The Port of Albany has been the focus of a lot of attention lately because of community debate over the location of a proposed crude oil processing plant.

But before the industrial sites and rail yards moved in about 80 years ago, the port was known as Castle Island.

Several Capital Region historians believe the island is the site of the very first Dutch settlement in America, Fort Nassau. But nearly 400 years after it was abandoned, its exact location remains a mystery.

Two different local historians share what they know about the first fort in New York and possibly, America.

To get a clear view on the fort’s origins, I met up with retired historian Paul Huey at the Albany Public Library. The story of Fort Nassau begins with, who else, Henry Hudson.

In 1609 Hudson first sailed up the river that now bears his name. According Huey, a first mate on Hudson’s ship made a mistake in his navigation on that northward voyage…

“The measurements were 3 minutes off, at the tip of Manhattan Island where he took a reading and that error seems to have been consistent northward… it would place his northern most anchorage opposite the present day city of Albany, somewhere near state street. But if you subtract the 3 minutes in his minutes it places Henry Hudson at the Port of Albany.”

It was there Hudson met members of the Mowhawk and Mohegan nations.

“As soon as he returned back to England and then to the Netherlands word got out that the Indians that he has encountered were eager to trade their furs for European goods.”

Well, that opened the flood gates and numerous Dutch traders set sail for the ‘New World.’  

In 1614 Dutch trader, Hendrik Christensen decided the island had Hudson stumbled upon was the perfect site for a trading station and thus Fort Nassau was built. But Huey says that’s where the certainty ends…

“It’s very frustrating and the information is so sketchy about the fort and all we have are the dimensions of the building inside and the moat and the walls of the fort.”

So what is known?

“Actually if it was a typical Dutch fort we can surmise what it was like, because there are examples of forts of that size in the Netherlands today.”

To get a better feel for where the fort possibly stood, I head out to Castle Island or as it’s now known today, the Port of Albany.

Don Rittner, a Capital Region historian gave his theory on Fort Nassau’s location at a diner across from Global Companies giant oil storage containers.

“We know the size of the fort. We know basically it was a 58 by 58 foot square palisaded, or stockade what we call which is a series of vertical or horizontal timbers to protect the trading house. The trading house was about 38 by 20. So that was inside the stockade area.”

However, Rittner says the fort at Castle Island did not last.

“The sight was on this island for 3 or 4 years, it kept getting flooded out each year by the river and then in 1624 they went over on land and they built back on the main land and they built what was called Fort Orange.”

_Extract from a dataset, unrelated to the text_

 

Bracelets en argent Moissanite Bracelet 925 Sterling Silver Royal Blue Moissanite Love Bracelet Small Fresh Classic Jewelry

Fort Orange lasted much longer than Nassau before it too was abandoned, buried in time and earth and was eventually excavated in 1970. Artifacts discovered there are on display across the Hudson River at Fort Crailo in Rensselaer.

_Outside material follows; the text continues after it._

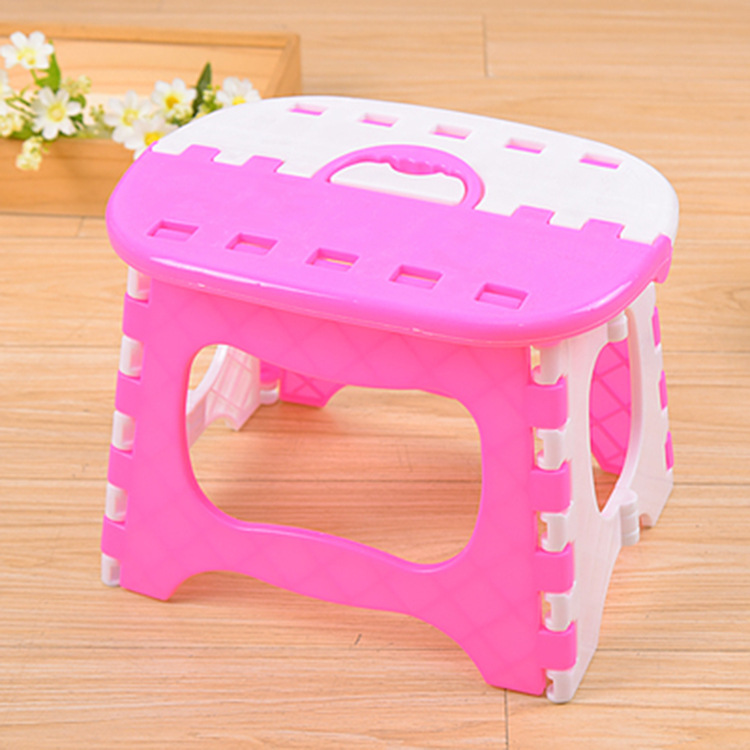 Portable Bathroom Folding Stool Plastic Cartoon Cat Head Stool Bathroom Stool Outdoor Fishing Chair Train Bench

But, given that Fort Nassau predates Fort Orange, Rittner thinks the site is worth  excavating as well.

“Here you’re talking about basically an island that’s only really been developed since the 1930’s and in this particular area there’s a lot of it that’s open and so I don’t think it would cost as much to do a full scale archeological excavation than if we were digging in the downtown.”

Back at the Albany Library, historian Paul Huey says it may not be that simple.

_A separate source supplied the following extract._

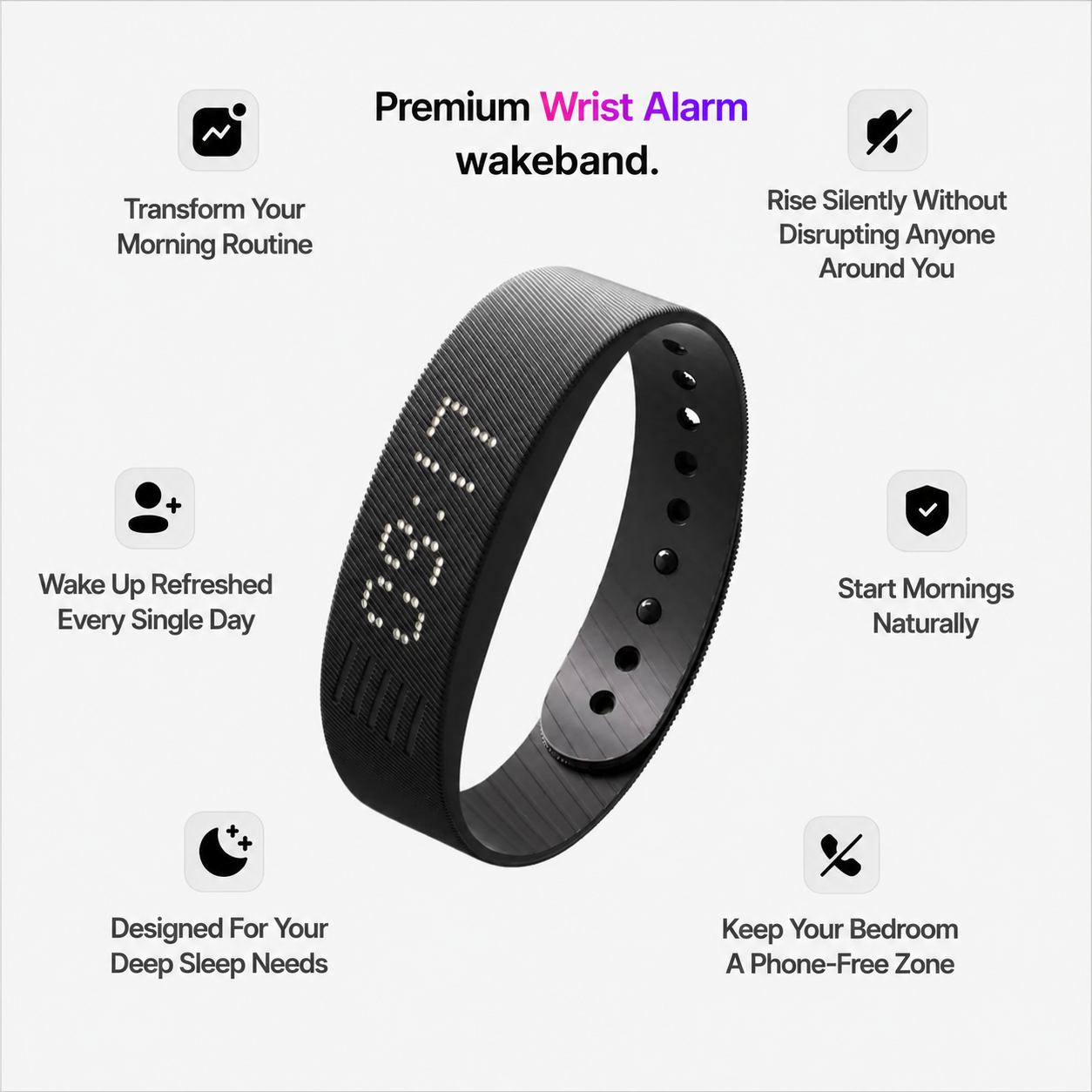 Wakeband™ - Wakes you. Not the room.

Beginning in the 1920’s when Castle Island was converted to the Port of Albany, Huey says the land was raised by 18-feet to prevent future flooding. The creek that separated the island from the mainland was filled in, and train tracks were built over it.

“If you look at the Vingboons map, he very carefully draws in the depth of the water around the castle island and the water is deepest and closest to the island at the northern end.”

And if you were going drop anchor and dock your ship, the northern end of the island was the most logical place to do it.

Which would mean the remains of Fort Nassau is most likely beneath Island Creek Park, where Broadway intersects with Church Street.

But it’s still an educated guess.

So why bother with the alleged existence of hastily planned and intentionally abandoned fort? Because, Don Rittner says, it’s still a crucial part of our collective history.

“The Dutch contributions to American civilization which began with the building of this fort in 1614. It was a Dutch occupation in this area for 60 years before the English took over that created all of our freedoms that we take for granted today. And so you would think that you would want to save and preserve the symbol of what it means to be an American. That’s what makes this site so important.”

Standing in the Port of Albany, possibly over the buried ruins of Fort Nassau, I’m Jenna Flanagan for the Innovation Trial.